Key Stage 5: Students are allowed to either continue with the subjects they have taken during GCSE, and take them at the AS and A Level, or choose a new set of subjects, which isn't recommended. The expectations are to study four AS subjects in year 12, and then choose three of the subjects to study at A level in year 13 (It is possible to take more if one wishes).

The National Curriculum for England has undergone major changes. Previously, students took their AS-level exams in year 12, and A Level exams in year 13, with both of the exam grades counting towards the final grade in year 13. However, this has changed - only the final exams in year 13 will count towards the A level grade. At DESC, the only two subjects where the AS level examinations will still count towards the grade (50% of the grade) are the Mathematics and Further Mathematics courses.

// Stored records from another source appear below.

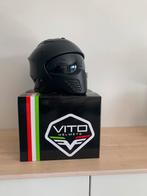 Helm maat M (Vito), Motoren, M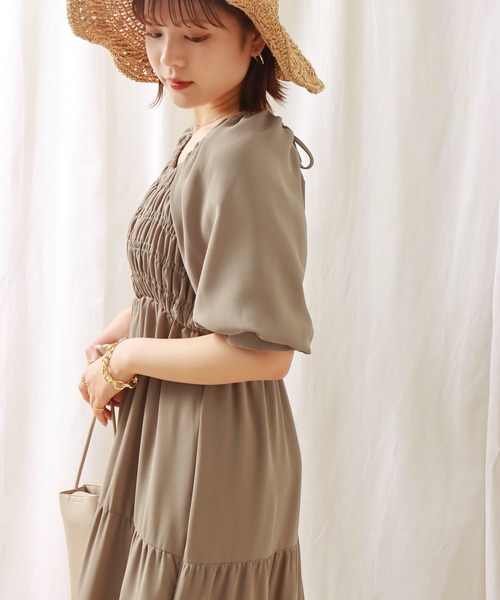 libelle more（リベル モア）の「無地デシン　シャーリングティアードワンピース（ワンピース・レディース・ブラック/モカ/ラベンダー・M/L）」の10枚目の写真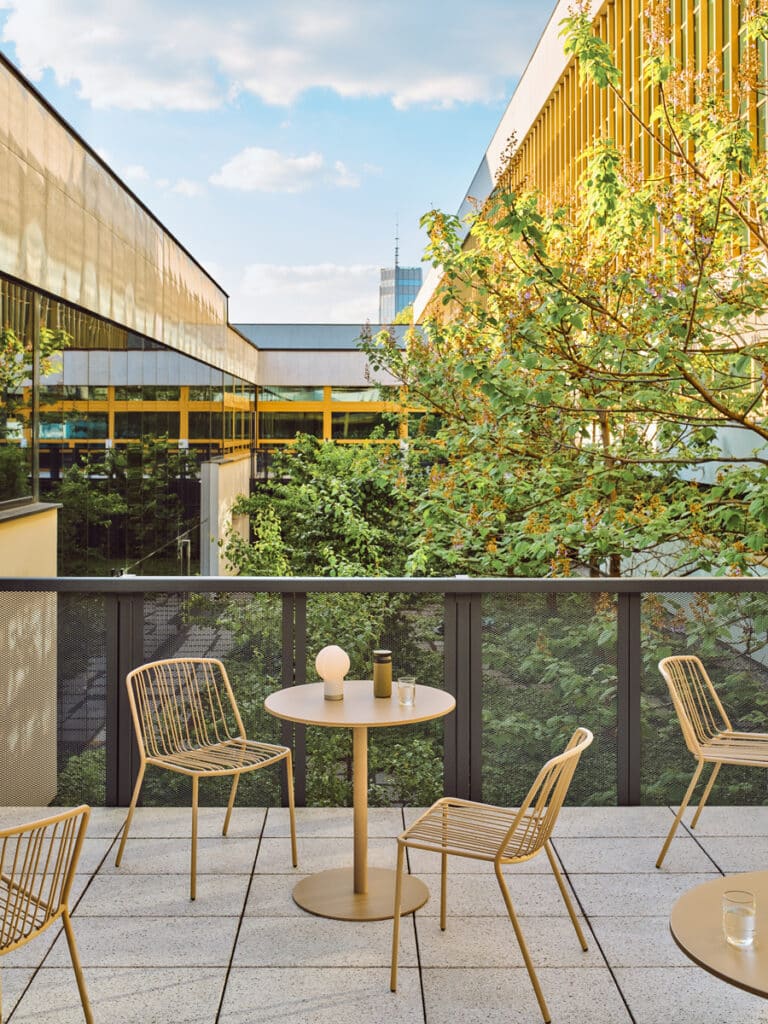 Udendørsstol Bris – bibliotekanarodowa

== Extracurricular activities ==

=== General activities ===
A wide range of extracurricular activities is offered, with clubs including a robotics club, multiple ecology-related activities, and several clubs aimed at the development of leadership skills (such as an enterprise club).

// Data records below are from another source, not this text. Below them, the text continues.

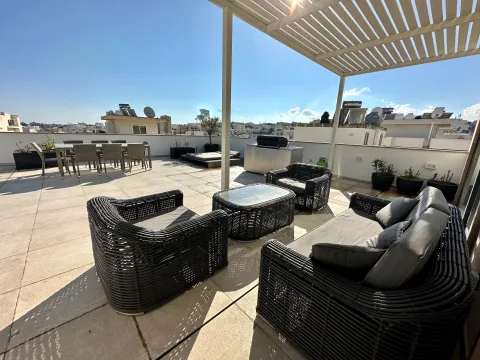 3 bed Penthouse For Rent in St Julian's, St Julian's - thumb 1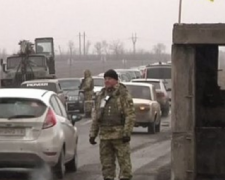 Под обстрел боевиков попал пункт пропуска «Марьинка»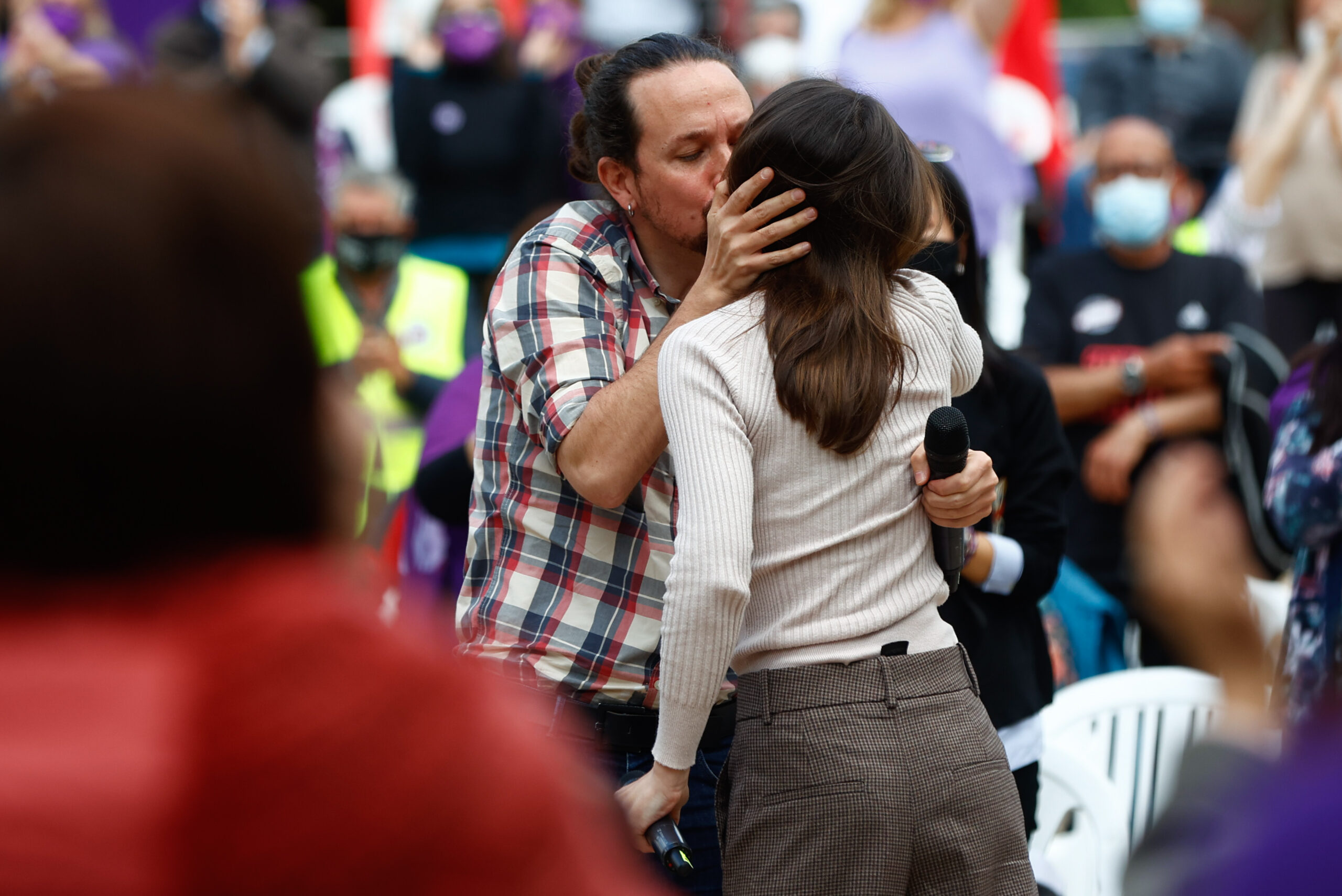 Pablo Iglesias besa a Irene Montero durante un acto electoral en abril de 2021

=== Duke of Edinburgh International Award ===
The International Award (sometimes known as the Duke of Edinburgh Award) is an international youth awards programme, founded in the UK. As of December 2016, schools from over 144 countries are participating. The award recognises adolescents and young adults for completing a series of self-improvement exercises, aimed at bringing together practical experiences and life skills in order to equip those who participate in it. Dubai English Speaking College allows students from Year 10 up to Year 13 to participate in all three awards (Bronze, Silver and Gold).

=== Sports ===
Dubai English Speaking College maintains Basketball, Football, Netball, Rounders, Rugby Sevens and Rugby Union teams. Each team competes in four age categories, namely U12 (read as under-twelves), U14, U16 and U18.

DESC won the U19 Rugby 7s tournament in Dubai at the 2017 Dubai Rugby 7s.

==KHDA Inspection Report==

The Knowledge and Human Development Authority (KHDA) is an educational quality assurance authority based in Dubai, United Arab Emirates. It undertakes early learning, school and higher learning institution management and rates them, based on the performance of both the students and the teachers, with ratings ranging from Unsatisfactory to Outstanding.

Below is a summary of the inspection ratings for Dubai English Speaking College from 2008–2009 to 2017–2018.

| School name | 2017-2018 | 2016-2017 | 2015-2016 | 2014-2015 | 2013-2014 | 2012-2013 | 2011-2012 | 2010-2011 | 2009-2010 | 2008-2009 |
|---|---|---|---|---|---|---|---|---|---|---|
| Dubai English Speaking College | Outstanding | Outstanding | Outstanding | Outstanding | Outstanding | Outstanding | Outstanding | Good | Good | Good |

==Former Headteachers==
1. Peter Daly - the first headteacher of the school, having founded it in 2005.
2. Andrew Gibbs- appointed as the headteacher in 2011. Under him, the school has doubled in size.
3. Chris Vizzard- previously the deputy headteacher; appointed in 2014 when Andrew Gibbs became the first principal of DESSC (both DESS and DESC).

==Dubai English Speaking School==
Dubai English Speaking School is a private British school, following the National Curriculum for England, and a sister school to the Dubai English Speaking College. DESS is Dubai's oldest English school, founded in 1963 and located in Oud Metha, Dubai. It provides elementary education to students from Foundation Stage 1 (FS1) to year 6, and, as of December 2016, has around 900 students.